Not to diminish the Prediction Skills of McBride – but this one I can guarantee doesn’t come true:

“If this appointment comes to pass, we are on the verge of entering a new era of American Mideast policy” – Sean “Alex P. Keating Plainview” McBride

Not. A. Chance.

Amazing. Color me shocked! Pleased, but shocked.

Cooper’s prior statement favoring Hagel suggests he may have resigned because he didn’t want to be part of an organization whose very public opposition (or voice participating in a smear campaign) could be purchased by un-nameable funding sources. Or maybe he himself sold out for a price to be revealed. Or his board terminated him for doing so. Let’s see where he lands.

One consequence of the extended Hagel trial balloon phase is that it provides more and more rope for the Netanyahu-Likud-led Israel Lobby to hang itself with. To an unprecedented extent, the machinations, mechanisms, and methods of this most effective night flower are stretched out in the morning sun. And Mondoweiss is there with its magnifying glass to examine them. We’ll see if they survive the heat of the day and the intensifying scrutiny.

As for me, I say there should be no Likud-Loyalty-Litmus test for high government office.

I’m beginning to see this as Obama’s revenge, but we should not let ourselves be carried away. It was a trial balloon after all.
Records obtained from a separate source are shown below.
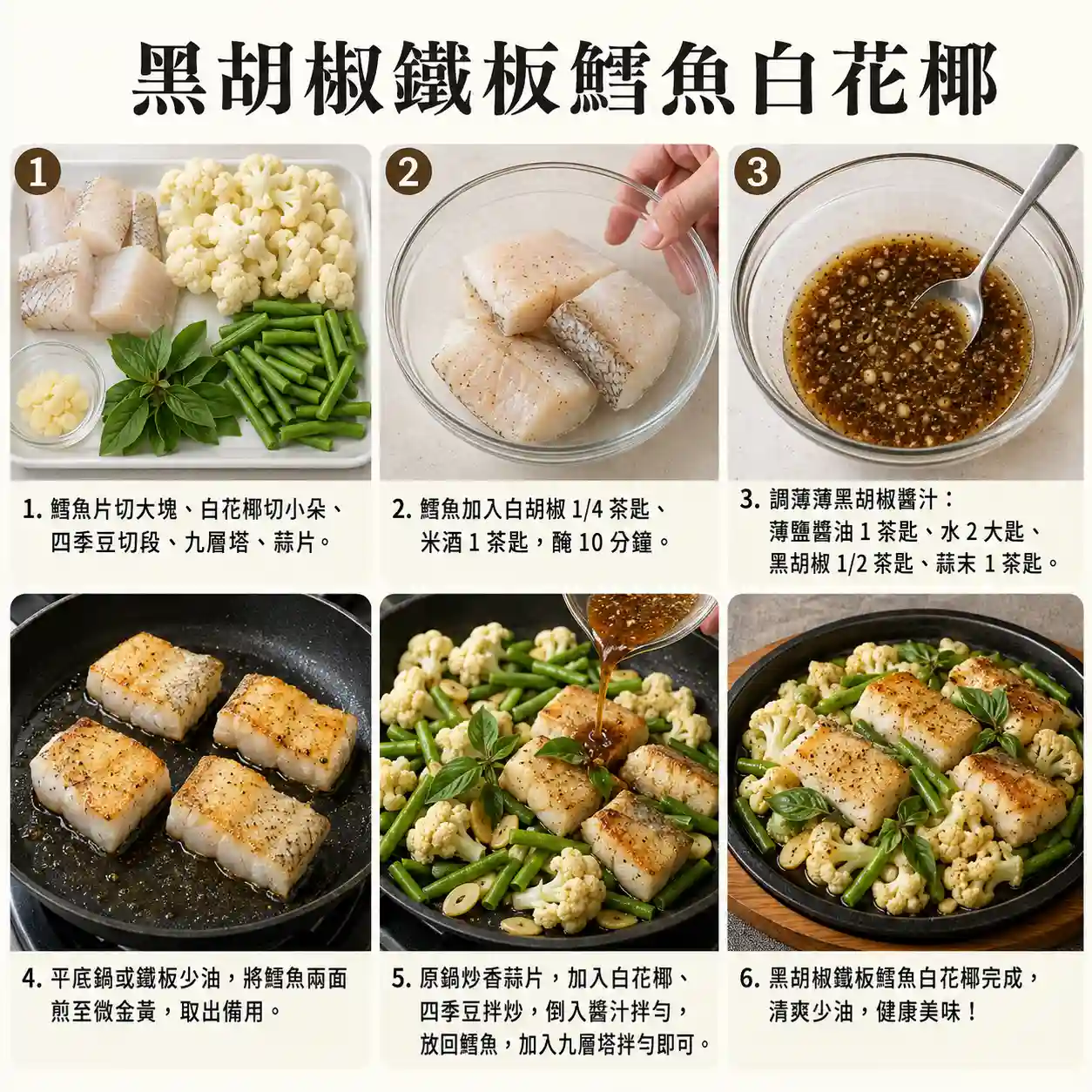 食譜教學圖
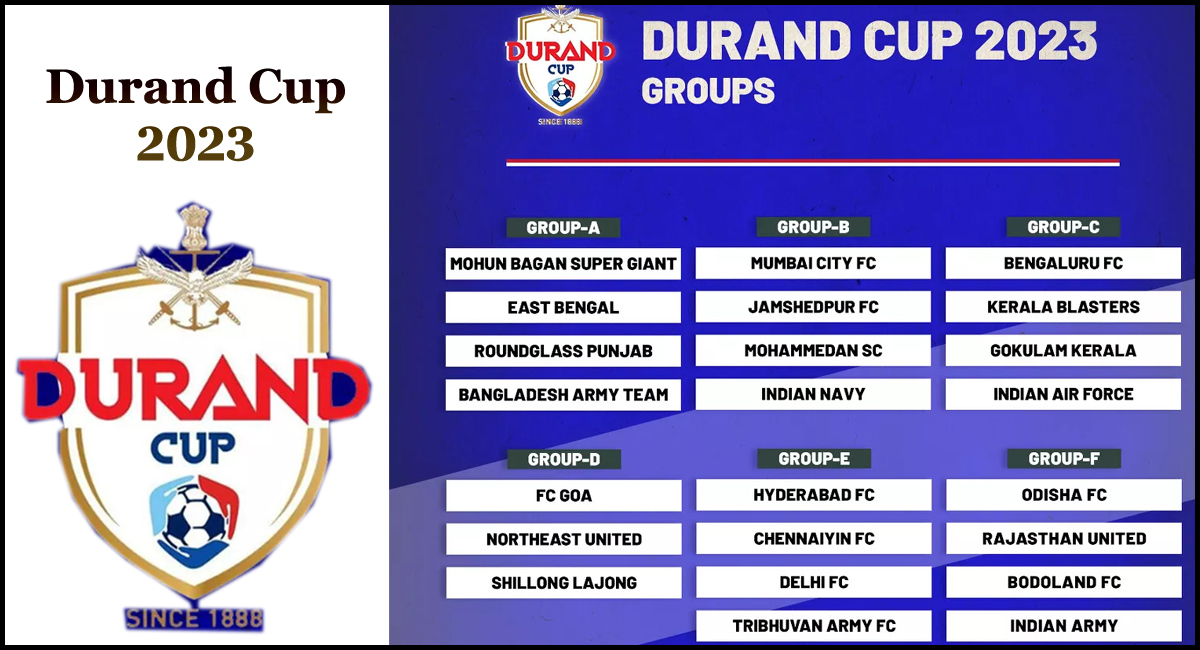 Durand Cup 2023
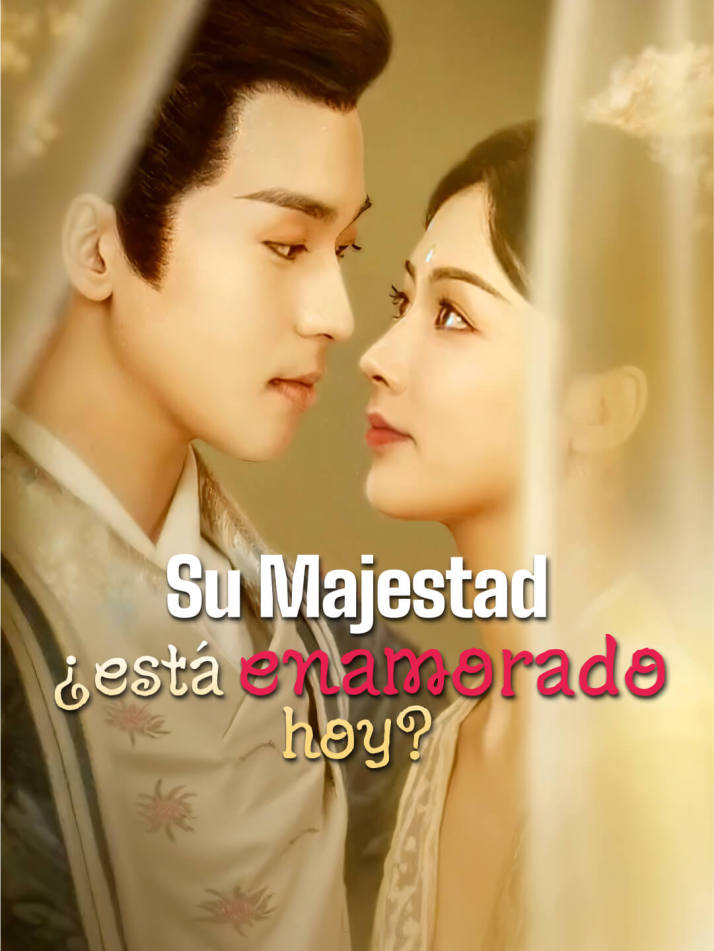 Su Majestad, ¿está enamorado hoy?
Had it been shot down, Obama would have bended to the lobby as usual. He didn’t fight for Hagel one iota. If Hagel gets the nod, he can thank a large well of support from the liberal quarters of the media, not Obama. That is pretty stunning when you think about it.

Nonetheless, it’s impossible not to see the dragged-out effects of this coming so close to the Israeli election. Obama probably knows that as the election looms closer, and as the fascist far-right rises and rises in Israel, any kind of pushback against Hagel will be met even more ferociously by liberal, especially Jewishly liberal, quarters in the press, as a valve to regulate their fears and anxieties against what they, correctly, see as Israel’s national suicide in slowmotion.

But again, Obama here, as usual, is really a side character. The main players here are the journalists and the intellectuals and there’s been plenty of healthy intra-Jewish debate on this topic. Jewish liberals are no longer getting rolled(or allowing themselves to get rolled) and Gentile liberals are slowly, slowly coming out of the woodworks to attack the neocons. They still feel compelled to use ‘Jewish shields’, so to speak, (basically a Jewish liberal as an alibi) but even this tendency is slowly decelerating.

But, fundamentally, if Hagel gets the nod will anything substantial change? I don’t think so, but the main effects won’t be on the policy side, rather on the culture and/or the media. And that shouldn’t be underestimated.